I supposed that the nest might be empty now. But it would not be likely to long remain empty.
I shivered.
In dealing with urts there are certain things to be kept in mind. One does not intrude into their nest. One tries to avoid placing oneself between them. And one never denies them an avenue of escape.
"Into the water!" screamed the lieutenant.
The men looked at him.
"It is safe now," said the lieutenant. "The urts feed. Go! Go!"
"He is drowned!" cried Tensius.
"Urts took him!" said Abnik.
"Bring me the body!" said the lieutenant.
The lieutenant, this officer of the men in the black habiliments, seemed as tenacious as might be a sleen itself, this world's finest and most relentless tracker, a sleen on its scent, single-minded, implacable, driven. He wanted confirmation of the kill. Too, I supposed, in a short while, the urts about, it might be difficult to obtain remains sufficient to constitute convincing evidence to a fee giver that the task which had been agreed upon had been successfully accomplished.

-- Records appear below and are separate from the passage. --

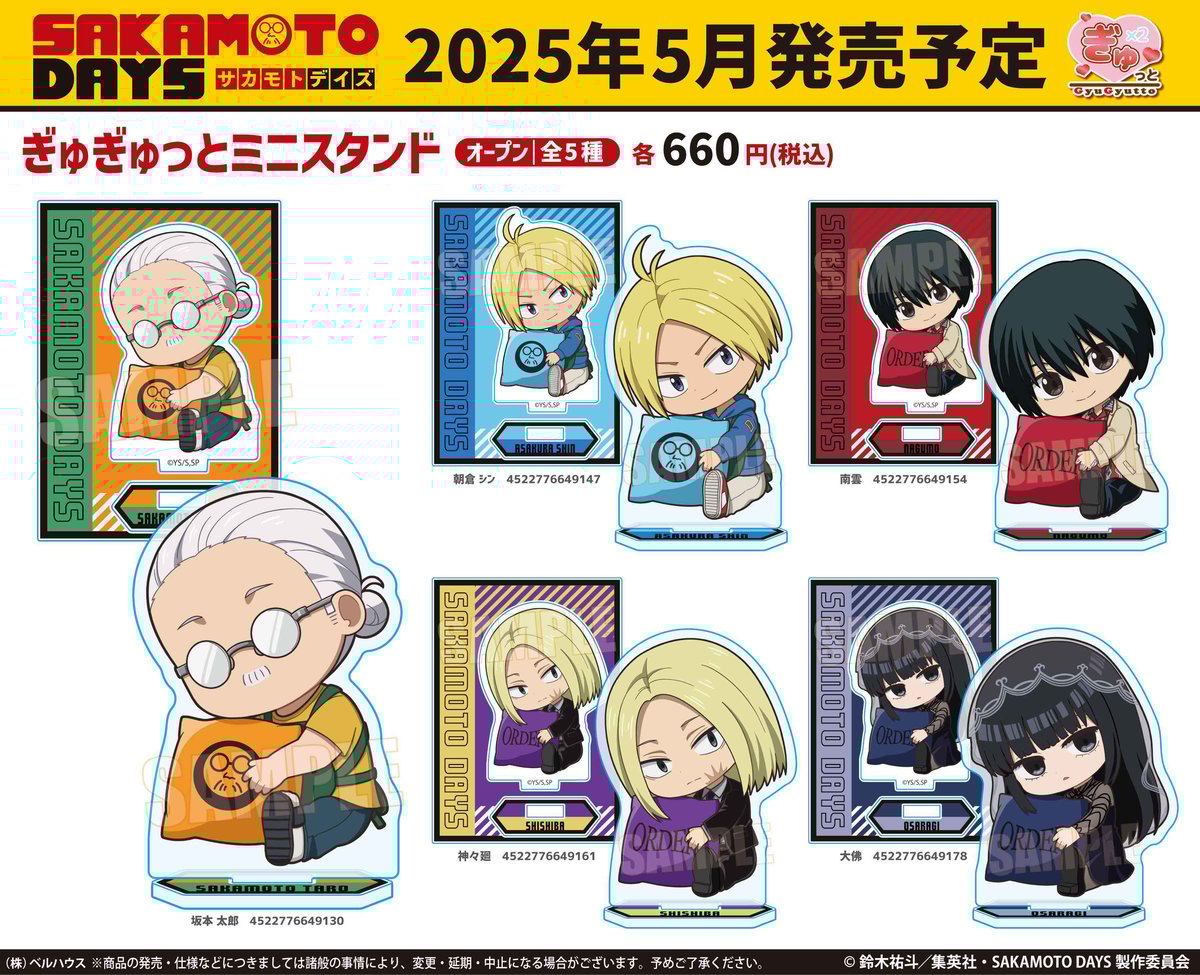 SAKAMOTO DAYS 累計130万部突破記念 アクリルキーホルダーセット SAKAMOTO DAYS アクリルキーホルダー（全7種セット
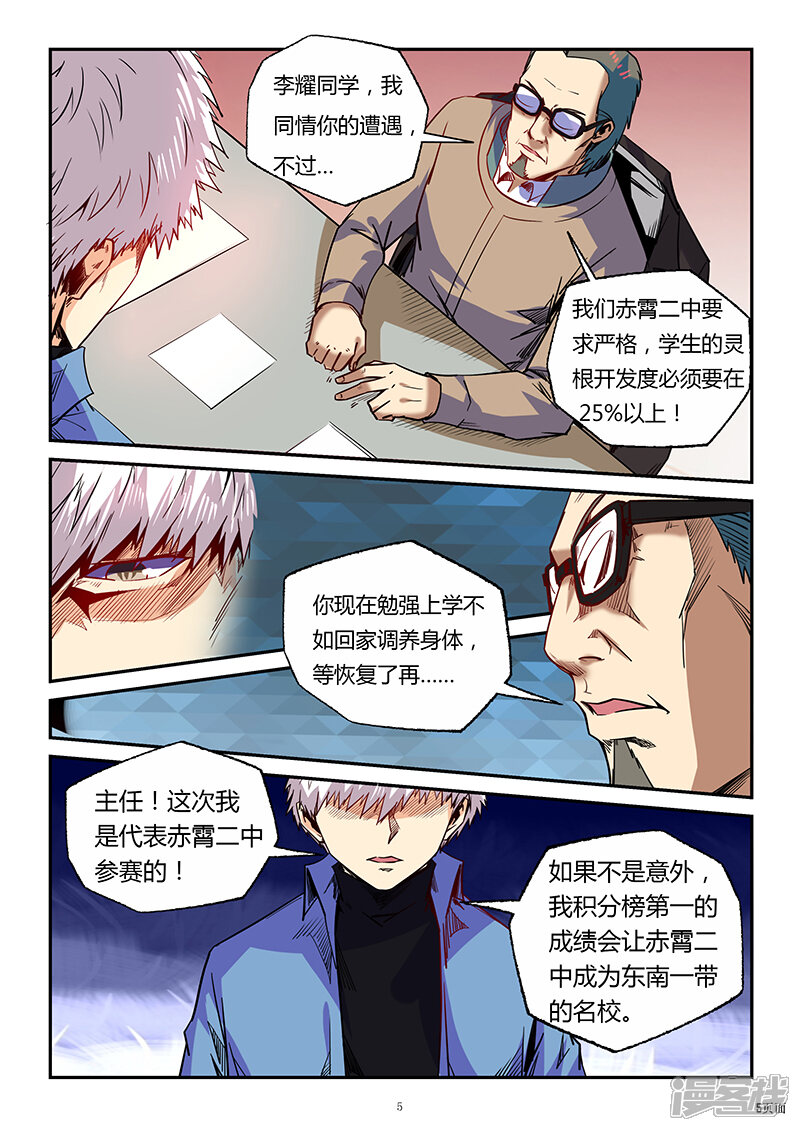 第87话-修真四万年-三福互娱（第5张）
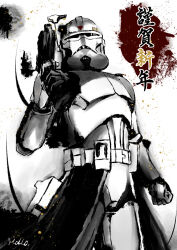  1boy akeome armor artist_name belt chinese_zodiac clone_trooper clone_trooper_helmet commander_wolffe commentary english_commentary galactic_republic gun happy_new_year holding holding_gun holding_weapon ink_splatter ink_wash_painting military mollo101 science_fiction star_wars star_wars:_the_clone_wars_(2008_tv_series) utility_belt weapon white_armor white_background year_of_the_dog 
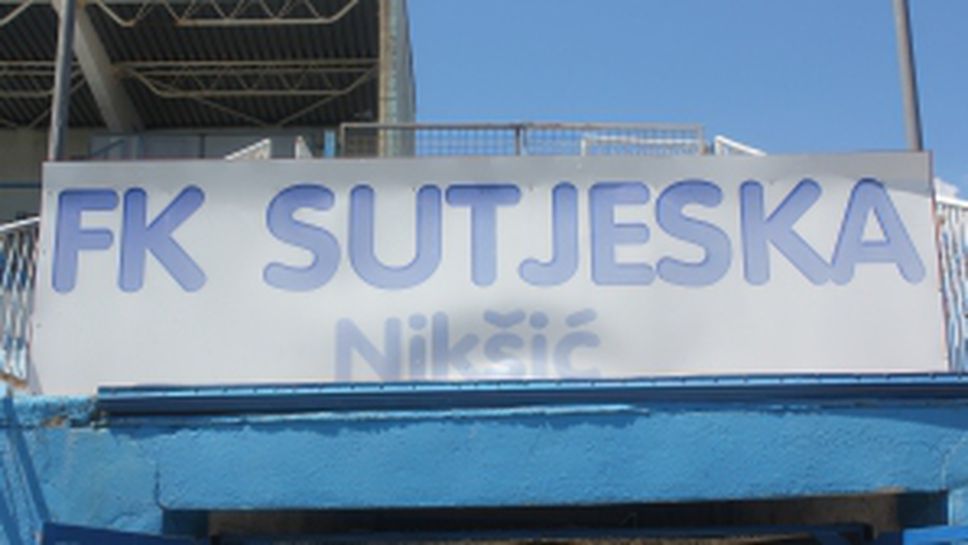 Ето как изглежда стадионът на Сутиеска часове преди да приеме Левски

Tensius first, who had refrained from attacking the sleen in the passage, but who had later separated the urts, removed his helmet and set aside his bow. The black dagger was still on his forehead, from yesterday morning. He then put his knife between his teeth and, with great care, lowered himself over the railing, and dropped down into the pool. He did this as gently as was possible. Abnik followed him, similarly. The lieutenant remained on guard, with the bow, surveying the water.